In an unprecedented show of either agreement or copy and past proficiency, both the USA Today
Coaches' Sports Information Directors' Poll and the AP Poll not only had the same 25 teams on the list, they even agreed on where to slot the vast majority of teams, including those at the top.
When I put my list together, I not only came up with the same cast of characters, but didn't differ all that much on the order either, though there are reasons for a few adjustments.

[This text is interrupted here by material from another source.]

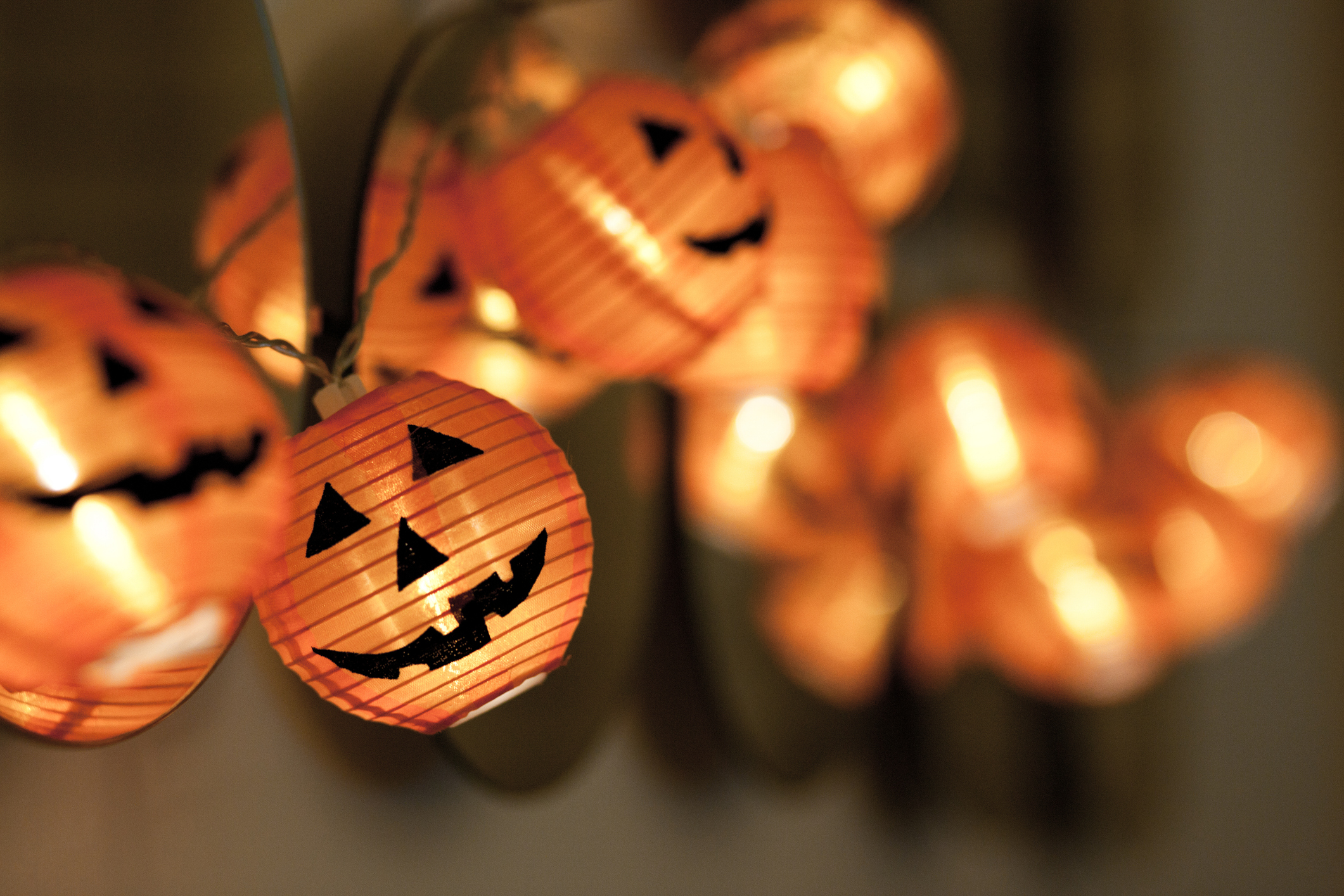 Close-up string of pumpkin lights moving out of focus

Like it or not, polls do matter, and not just because it keeps pollsters employed. They not only reflect perception, they contribute significantly to shaping it. And they could play a role in whether not 1, but 2 Pac-12 teams play in the Rose Bowl this season, a possibility because the Pasadena Grand-daddy stadium (not game), will be hosting the last BCS National Championship Game before the expansion to a 4 team playoff format after next year.
The Pac-12 Champion could play themselves out of New Years Day and into that game, or they could go 13-0, or even 14-0, and wind up relegated to Rose Bowl, depending not only on what happens elsewhere, but what people think of what happens elsewhere.

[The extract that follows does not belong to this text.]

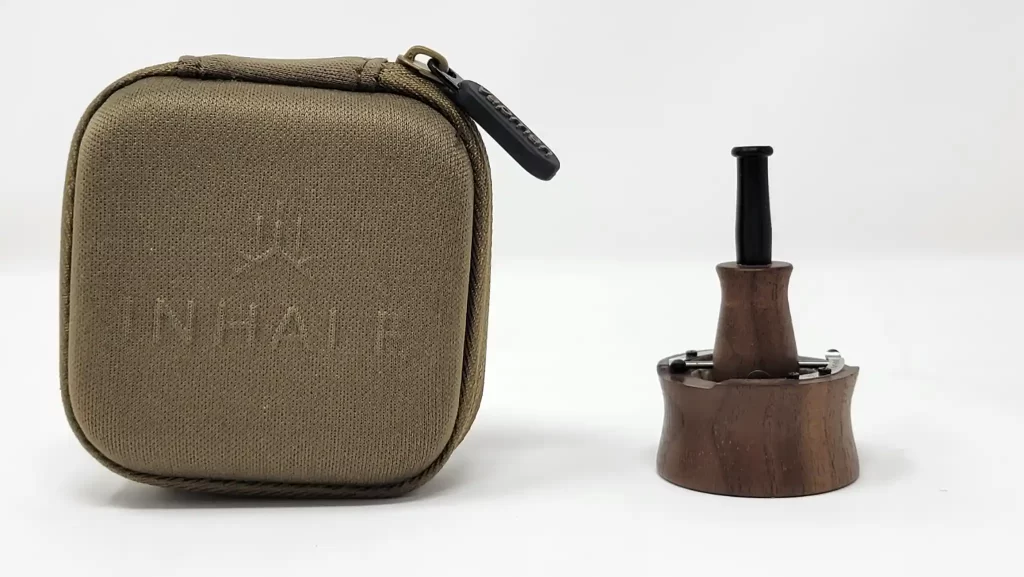 Vapman Click in Walnut next to its carrying case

Last year, Oregon St. was one of several teams that played themselves into the top 10, and wound up in the top 20, despite being no where near being ranked when the season began, and USC wound up unranked despite a winning season, after beginning the season ranked #1. And there will be comers and goers again this year.
But overall, where a team starts does impact where they finish, and so does where the teams they play are ranked.
And while that obviously matters if you and your team are in quest of a Crystal Football (and everyone is), it also becomes a factor in who winds up in the Vegas Bowl, or another that might pay more, be more fun, be more beneficial for recruiting, and garner more respect.
Compounding the issue are differing ideas about how to rank teams. How much does record matter vs. perceived relative strength of teams who probably not only didn't meet, but didn't have common opponents? Should the poll at this point reflect how the teams stack up now, or where they will be come the end of the season? Should anyone ever promote a team, be it "their" team, the team they cover, or just a team they believe to be mis-judged? Opinions on these questions out-number voters in both official and unofficial polls. (Which is one reason why the SB Nation Blog Poll is on hiatus this year, as technical and political issues are addressed in a land far away.)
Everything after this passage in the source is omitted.